Operasi laparoskopik sendiri dapat menggunakan berbagai tehnik anestesi, antara lain,
infiltrasi dengan sedasi intravena, epidural, spinal atau anestesi umum. Akan tetapi, tehnik
yang digunakan disini ialah anestesi umum dengan nafas terkendali karena berbagai alasan
yang telah dipertimbangkan. Kerugian penggunaan epidural atau spinal dalam prosedur
laparoskopi ialah karena memerlukan kelumpuhan otot secara total hingga segmen yang
tinggi (T2) untuk mencegah iritasi terhadap diaphragma. Penggunaan tehnik anestesi umum
dengan ETT dalam prosedur laparoskopi sangat digemari karena berbagai alasan, antara lain:
 Menurunkan risiko regurgitasi akibat tekanan intraabdominal yang tinggi.
 Keperluan untuk mengontrol ventilasi untuk mencegah hiperkapnea.
 Keperluan untuk mempertahankan tekanan puncak inspiratorik yang tinggi karena
pengisian peritoneum dengan gas CO2.
 Keperluan untuk kelumpuhan otot selama operasi untuk menurunkan tekanan
insuflasi
 Memberikan visualisasi yang lebih baik.
 Mencegah gerakan pasien yang tidak diharapkan.

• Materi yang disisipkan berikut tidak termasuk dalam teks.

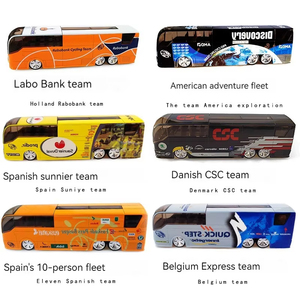 BTOYS 1:50 Tour De France <span class=keywords><strong>Bus</strong></span> Diecast modelo español Eleven equipo aleación Metal coche de juguete para niños - Product Image 2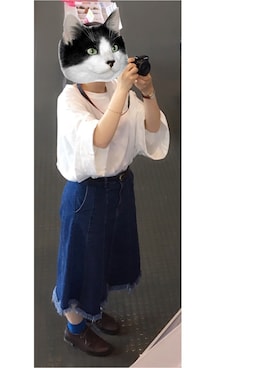 「RNA-N（アールエヌエーエヌ）のアイテム」を使った、ハルさん（レディース・158cm）の夏コーディネート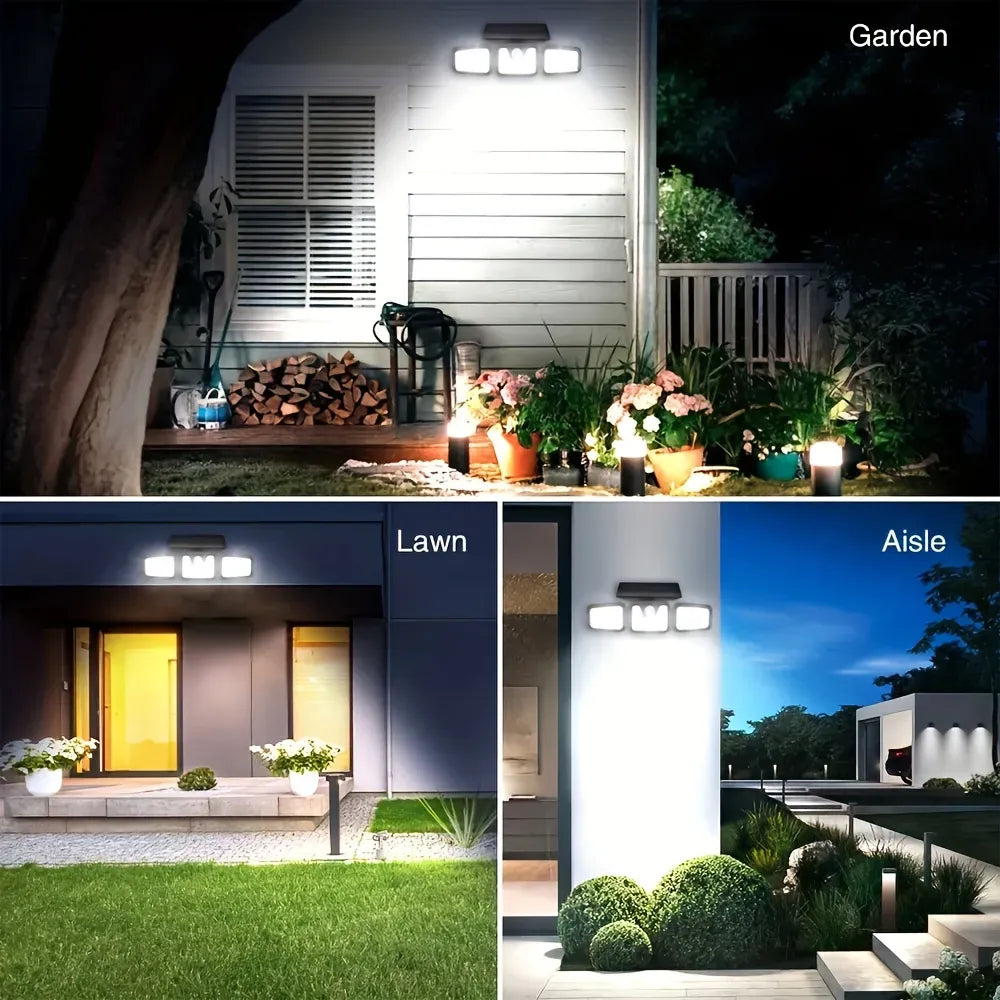 LAMPARA SOLAR EXTERIOR DE 3 CUERPOS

Setelah dipasang jalur intravena dengan cairan RL (ringer Laktat) sebagai loading mulai
dimasukkan obat-obat premedikasi, midazolam 2,5 mg bertujuan untuk memberikan efek
sedasi dan amnesia retrograde, fentanyl 50 mcg sebagai analgetik opioid, propofol 100 mg
sebagai obat induksi anestesia, muscle relaksan dengan golongan non-depolarisasi jenis
intermediete acting yaitu atrakurium dosis 30 mg, sebagai obat anestesi diberikan isofluran 2
% vol dengan tambahan O2 dan N2O dengan perbandingan 2:3.
KESIMPULAN

Sebelum melakukan pembedahan elektif, pasien harus disiapkan supaya berada dalam
keaadaan bugar. Oleh karena itu, pembedahan elektif boleh ditunda tanpa batas waktu tetapi
sebaliknya pada operasi sito penundaan yang tidak perlu harus dihindari. Pasien tergolong
ASA 1 berdasarkan status fisik. Hal ini dikarenakan pasien tidak mempunyai kelainan
organik, fisiologik, psikiatrik, dan biokimia.
Pada operasi ini, digunakan anastesi umum dengan pemasangan ETT nafas terkendali
supaya memastikan bahwa jalan nafas yang selalu berada dalam kondisi terbuka dan
mendapatkan ventilasi yang adekuat selama operasi, serta mencegah terjadinya aspirasi atau
regurgitasi yang dapat menjadi penyulit semasa operasi. Tehnik anestesi ini dapat juga
digunakan untuk operasi dengan durasi yang lama dan pada kondisi-kondisi yang sulit untuk
mempertahankan jalan nafas bebas dengan sungkup muka.
Sejak insisi pertama kali dilakukan hinggga jahitan terakhir telah tercapai trias
anestesia dengan pemberian obat-obatan anestesi seperti : fentanyl sebagai analgesik,
atracurium sebagai relaksan, propofol sebagai induksi, dan isofluran sebagai obat anestesi
inhalasi dan juga sebagai maintanance anastesia bekerja dengan baik.
Setelah operasi selesai, pasien segera dipindahkan ke ruang recovery room. Pasien
segera diperiksa nilai kesadarannya menggunakan Aldrette score. Penilaian tersebut
mencakup penilaian terhadap kesadaran, warna kulit, aktivitas, kardiovaskuler dan respirasi.
Pasien ini mendapat nilai 9/10 yang berarti pasien dapat dipindahkan ke ruang perawatan.
Hasil tindakan anestesi yang baik didapatkan dengan persiapan yang baik dan tepat
dengan dimulainya praanestesi, premedikasi, pemilihan teknik anestesi, pemilihan obat-
obatan anestesi serta melakukan pengawasan tanda-tanda vital selama operasi dan tindakan
pasca operasi.
DAFTAR PUSTAKA

1. Muhiman M, Thaib MR, Sunatrio S, Dahlan R, editors. Anestesiologi. Jakarta: Bagian


Anestesiologi dan Terapi Intensif FKUI; 1989.

2. Latief SA, Suryadi KA, Dachlan MR. Petunjuk Praktis Anestesiologi Edisi kedua.
Jakarta: Bagian Anestesiologi dan Terapi Intensif FKUI; 2002.

3. Morgan GE, Mikhail MS. Clinical Anesthesiology.3rd ed. Appleton & Lange
Stamford 2002; 110-125

4. Miller RD. Anesthesia 5th ed Churchill Livingstone Philadelphia.2000; 1585-1610.